Last updated Nov 29, 2025
Prediction
Chamath
economy
By sometime in or after September 2024, major media coverage will widely describe the U.S. as being in a recessionary environment, with multiple large companies publicly reporting recession-like conditions (e.g., declining revenues or earnings) and being characterized as effectively in recession.
if you look at what's happening now, we are in a recessionary stance. There's going to be a lot of ink that gets spilled starting in September. On the fact that X of a handful of companies were basically in a recession.View on YouTube
Explanation

Evidence from 2024–2025 shows the U.S. economy continued to expand rather than being broadly described as in a recessionary environment.
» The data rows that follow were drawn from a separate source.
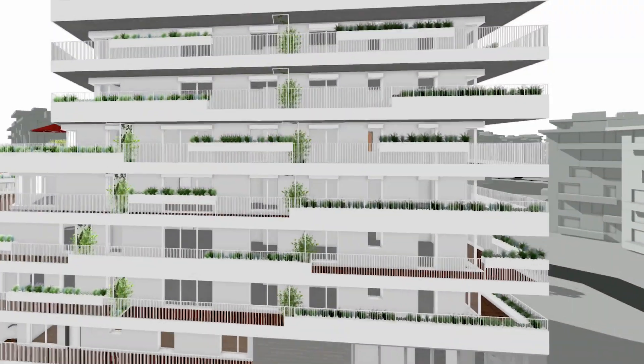BIM is transforming the architecture, engineering, and construction industries and powering the future of design. But first, what is BIM?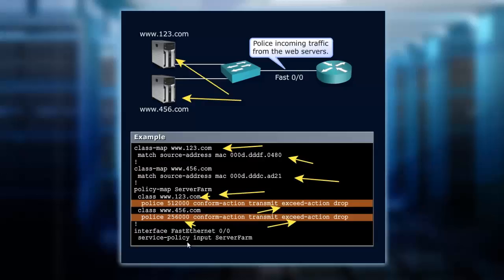So now we've set up this is the traffic we're matching, this is what we're going to do to it, and then we apply it to the interface.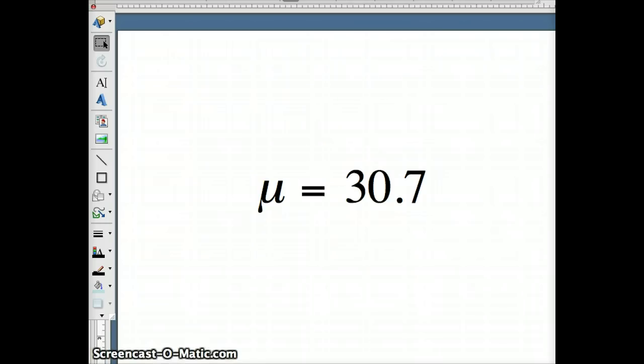So if that's the case, we can guess more than likely in this case that this is a parameter, and that average for all UIC graduate students, 30.7 would be represented by mu, since mu is a symbol that we use for a parameter.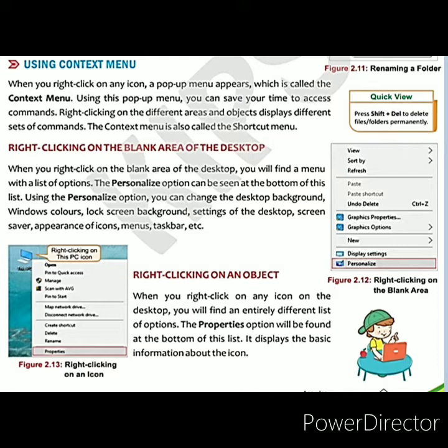These commands are available in the context menu — you can create a new folder, you can rename. The context menu is also called the shortcut menu. Right-clicking on different areas and objects displays a different set of commands.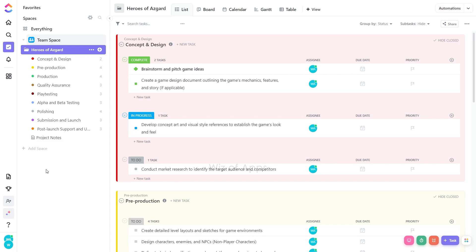ClickUp offers various view options such as list view, board view, calendar view, and more, each designed to optimize the way you organize and interact with your tasks and projects.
  • Macroeconomic data: Real U.S. GDP grew in every quarter of 2024, with full‑year real growth of about 2.8%, and Q3–Q4 2024 both positive. (bea.gov) The NBER Business Cycle Dating Committee has not declared any new recession after the brief COVID downturn that ended in April 2020, meaning it still classifies the period since May 2020 as an expansion. (nber.org) This undercuts the idea that conditions were widely seen as recessionary starting in or after September 2024.
  • Media narrative: In early September 2024, Treasury Secretary Janet Yellen publicly said the U.S. economy remained solid and was on track for a soft landing, explicitly rejecting the view that the U.S. was in recession. (cnbc.com) The National Retail Federation’s chief economist similarly stated on September 6, 2024 that the U.S. economy was “clearly not in a recession” and likely to avoid one in late 2024. (nrf.com) Coverage from CNBC and other outlets through late 2024 framed the debate as recession fears vs. a probable soft landing, not as the country already being in recession. (cnbc.com)
  • Corporate earnings commentary: FactSet‑based analysis of S&P 500 earnings calls for late 2023 and early 2024 found that far fewer large companies were even mentioning the word “recession” on their calls than in prior years, while use of the phrase “soft landing” hit multi‑year highs. (jamesinvestment.com) That is the opposite of Chamath’s expectation of “a lot of ink” around multiple major companies “basically in a recession.”
  • Minority recession claims: A few opinion pieces and niche analyses argued that parts of the U.S. economy or certain income groups might already be in recession, but they acknowledge that aggregate data still show positive GDP growth and characterize this as a partial or hidden recession affecting specific segments, not the mainstream view of the overall U.S. economy. (forbes.com) These do not amount to major media widely describing the U.S. as in a recessionary environment in the sense implied by the prediction.

Given (1) continued broad economic growth with no officially dated recession, (2) a dominant soft‑landing narrative in major outlets, and (3) no widespread wave of coverage portraying multiple large companies as being “basically in recession,” Chamath’s predicted media and corporate‑commentary pattern did not materialize. Therefore, the prediction is wrong.